The banks don't make the distinction between lender agents and borrow agents, the agents argued.

"The lenders have no right to approve or disapprove of the borrowers' agents," the filing said. "All the lender is required to do is to pay the borrowers' agents the reasonable agent fees they have earned for assisting the borrowers in preparing their PPP loan applications."

They argue SBA regulations say that lenders and agents shall be compensated from the fees the SBA gave to lenders to process the loans.

"Defendants' tortured reading of the PPP ignores clear language that mandates that agent fees be paid out of the lender fees and sets the statutory amount of such payment as reasonable," they argued.
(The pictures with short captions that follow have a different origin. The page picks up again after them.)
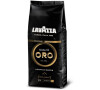 Lavazza Qualita Oro MG 250 g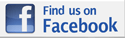 Find us on Facebook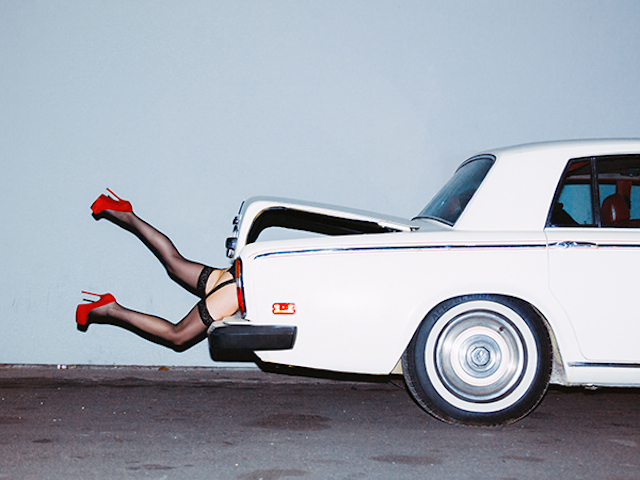 Inspiring Photography by Tyler Shields-19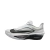 Tênis Nike Zoom Fly 6 Original promoção-oferta-corrida-oficial-mx-evento-casual-preto-black-friday-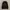 Kangol Iconic Center Logo Hooded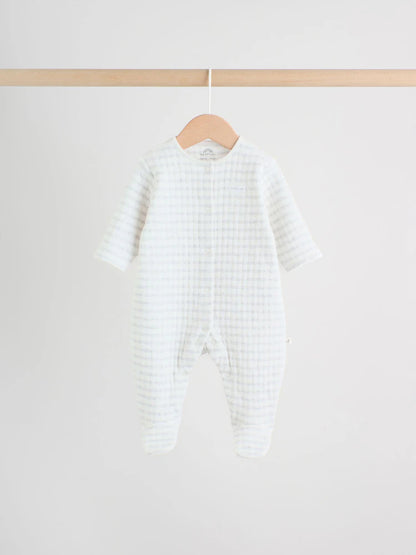 .BORRADOR |BabyBoy| Modelo Modelo Modelo (0 meses a 3 años)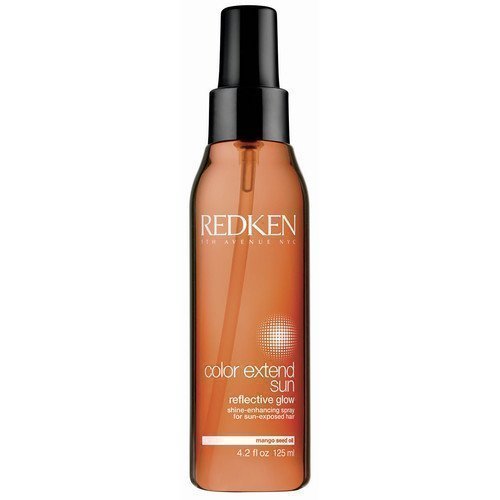 Redken Color Extend Sun Reflective Glow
The SBA capped how much an agent can collect for helping prepare the application: up to 1% for loans of up to $350,000, 0.50% for loans of more than $350,000 and less than $2 million, and 0.25% for loans of at least $2 million.

"The SBA regulations are clear: the agents cannot be paid by the borrower, but instead must receive their required statutory fee from the lender itself, to be paid from the lender fees," the agents said.

Michael E. Adler of GrayLaw Group Inc., one of the plaintiffs' lawyers, told Law360 Tuesday that the Florida judge's decision should have no bearing on this case because state law there differs from California law and different arguments were made in each case.

That decision wrongly focused only on the language of the CARES Act and ignored the interpretive regulations, which the act gave the SBA the power to make, he said.

"That's a clear error," Adler said, as it should have been taken into account what regulators were thinking when they implemented the law.

"We wish the banks would be paying the agents instead of wasting the money on lawyers fighting the battle," he said. "The SBA regulations are very clear that the agent fees will be paid by the lender out of the fees the lender receives from the SBA. The agents can't be paid by the borrower, and the agents … did 90 percent of the heavy lifting in order for the borrowers to be able to submit the PPP loans to the banks."

Counsel for Live Oak Banking Company declined to comment Tuesday.

Counsel for the other parties didn't immediately respond to requests for comment Tuesday.

American Video Duplicating, Inc., Tush Law Ltd., and Kenneth M. Hahn are represented by Mark J. Geragos, Ben J. Meiselas and Matthew M. Hoesly of Geragos & Geragos, Michael E. Adler of GrayLaw Group Inc., and Harmeet K. Dhillon and Nitoj P. Singh of Dhillon Law Group Inc.

Citibank N.A. and Citigroup Inc. are represented by Bronwyn F. Pollock, Lucia Nale, Thomas V. Panoff, Christopher S. Comstock and Andrew J. Spadafora of Mayer Brown LLP.

Wells Fargo Bank, N.A. is represented by Brendan P. Cullen and Sverker K. Hogberg ofSullivan & Cromwell LLP, and David C. Powell, Carolee A. Hoover and Jamie D. Wells of McGuire Woods LLP.

JPMorgan Chase Bank, N.A. is represented by Robert J. Herrington and Karin Bohmholdt of Greenberg Traurig LLP.

Bank of America, N.A. is represented by Enu A. Mainigi, Kenneth C. Smurzynski, Craig D. Singer and Jesse T. Smallwood ofWilliams & Connolly LLP, and Janice P. Brown and Arlene R. Yang of Brown Law Group.

U.S. Bank National Association is represented by J. Warren Rissier, Megan A. Suehiro, Brianna R. Howard and Michael S. Kraut ofMorgan Lewis & Bockius LLP.

Live Oak Banking Company is represented by Kevin M. Lally and Henry L. Kitchin, Jr. of McGuire Woods LLP.

Harvest Small Business Finance LLC is represented by Nina Huerta, Casey B. Howard and Andrew Braunstein of Locke Lord LLP.

The case is American Video Duplicating Inc. et al, v. Citibank N.A., et al, case number2:20-cv-03815, in the U.S. District Court for the Central District of California.